In this case, Framingham denied parent’s request for an IEE, arguing that the district had not in fact conducted a formal OT “evaluation” in the past 16 months, because “an occupational therapy screening is not an evaluation.” After some back and forth with the district, parent ultimately obtained an independent OT evaluation, and then submitted the report and invoice to Framingham for reimbursement. Framingham refused to reimburse parent for the evaluation, but did not proceed to the BSEA.

The hearing officer was not persuaded by Framingham’s semantics-based argument that its OT “screening” was not an “evaluation” and therefore could not trigger parent’s right to seek an IEE. The hearing officer noted that, “regardless of the terminology used,” Framingham’s evaluator had observed and tested student, had used her professional judgment to evaluate student, and the district had used this screening to conclude that the student did not need OT services. Because Framingham relied on the screening to make substantive decisions about student’s IEP, the hearing officer found that the screening constituted an evaluation for the purposes of parent’s right to request an IEE. Noting that Framingham also failed to proceed to the BSEA within five school days of receiving parent’s request for an IEE, the hearing officer denied the district’s motion for summary judgment.

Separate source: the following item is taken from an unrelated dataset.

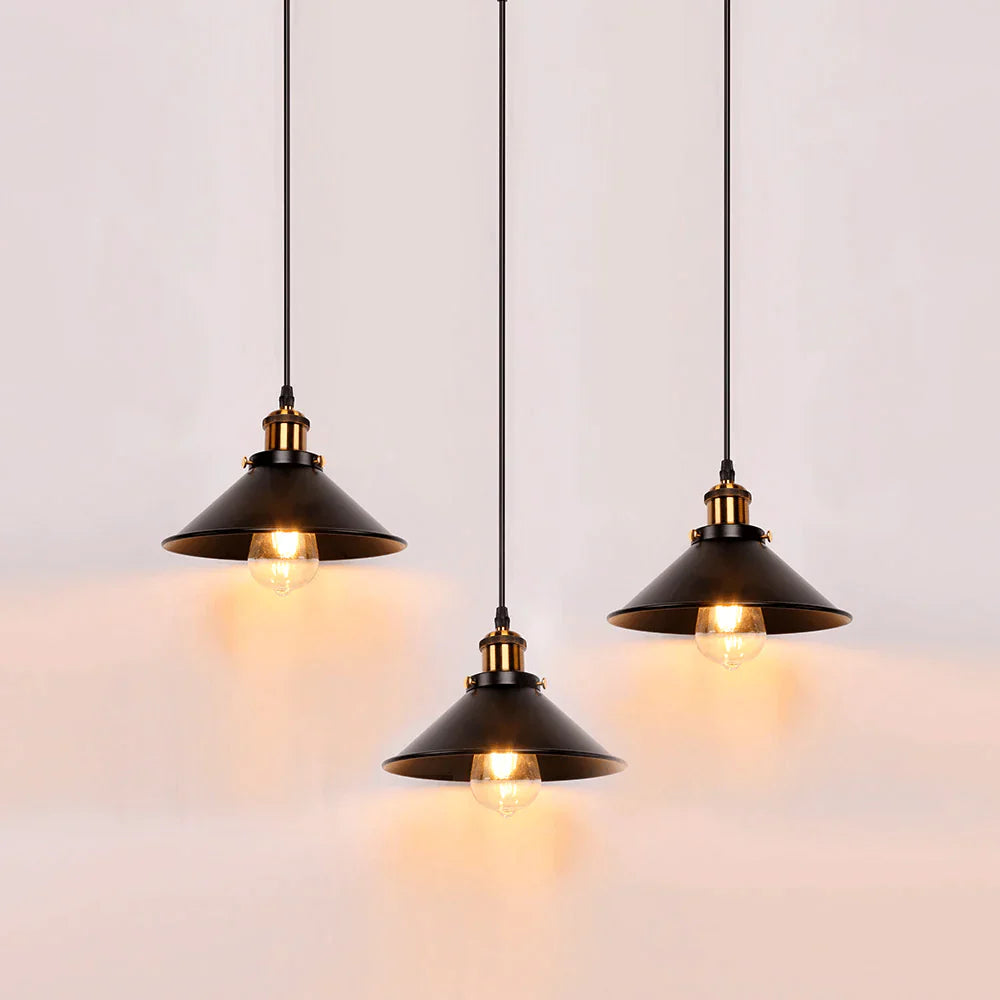 Industrialna Lampa Wisząca z Metalowym Kloszem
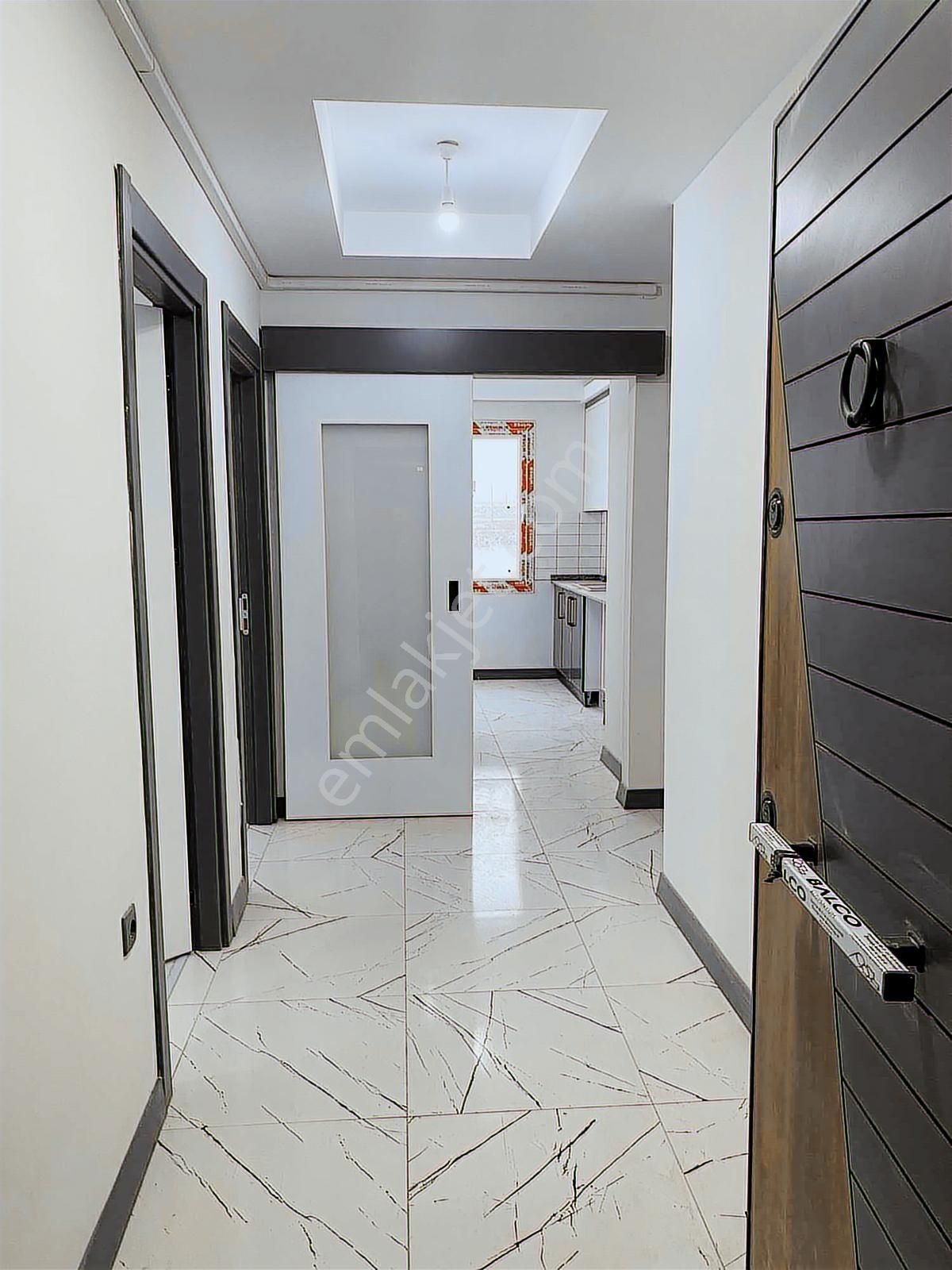 İldem Yeşilyurt Konutlarında 3+1 Oturulur Daire - Görsel 4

Parents Required To Exhaust Their “Child Find” And Section 504 Claims At The BSEA Before Pursuing Monetary Damages And Other Relief In Federal Court

CBDE Public Schools, BSEA #10-6854, 17 MSER 43 (2011), involves disturbing allegations of misconduct by a school employee and explores the jurisdiction and authority of the BSEA to consider claims that seek monetary damages, rather than educationally-based relief.

During the 2008-2009 school year an employee of the CBDE school district (the district was assigned a pseudonym by the hearing officer to protect the student’s privacy) allegedly raped student when she was 14 years old. Student began having emotional and behavioral outbursts at school. Neither student’s parents nor CBDE were aware of the cause of student’s distress for several months. Parents alleged in their hearing request that they asked CBDE to provide student with additional services when student began to decline emotionally, and that CBDE did not initiate an evaluation or provide special education services in accordance with its “Child Find” obligations.

When CBDE received actual notice of the alleged rape in March 2009, it notified the police and suspended the accused CBDE employee (who subsequently pled guilty to criminal charges stemming from the incident). Due to publicity around the incident, and the small number of possible victims, persons within the CBDE community were eventually able to identify student as the victim of the CBDE’s alleged misconduct. Unfortunately, some students within the CBDE community taunted and criticized the victim, and blamed her for the employee’s arrest. Student’s emotional stability deteriorated. Nonetheless, CBDE did not initiate an evaluation or offer student support or services.

In January 2010, student had a mental breakdown, was hospitalized, and was diagnosed with post-traumatic stress disorder and a mood disorder. CBDE proposed an initial evaluation to determine student’s eligibility for special education in late March 2010.

Parents argued in their hearing request that, had CBDE conducted a timely evaluation, student would have revealed the alleged sexual misconduct earlier, would have received appropriate services, and would have avoided the emotional breakdown and hospitalization she experienced. Parents also brought various state and federal tort, negligence and constitutionally-based claims. They asked the BSEA to order CBDE to provide student with a residential placement and sought monetary damages.

After the parents their filed their hearing request, CBDE agreed to place student in a residential therapeutic program, effectively resolving the parents’ prospective educationally-based claims. However, claims involving CBDE’s violations of Section 504 and the Child Find provisions of the IDEA, as well as the tort, negligence and constitutional claims, remained. CBDE moved to dismiss all of these claims, arguing that dismissal was proper because all of the student’s educationally-based claims had been resolved.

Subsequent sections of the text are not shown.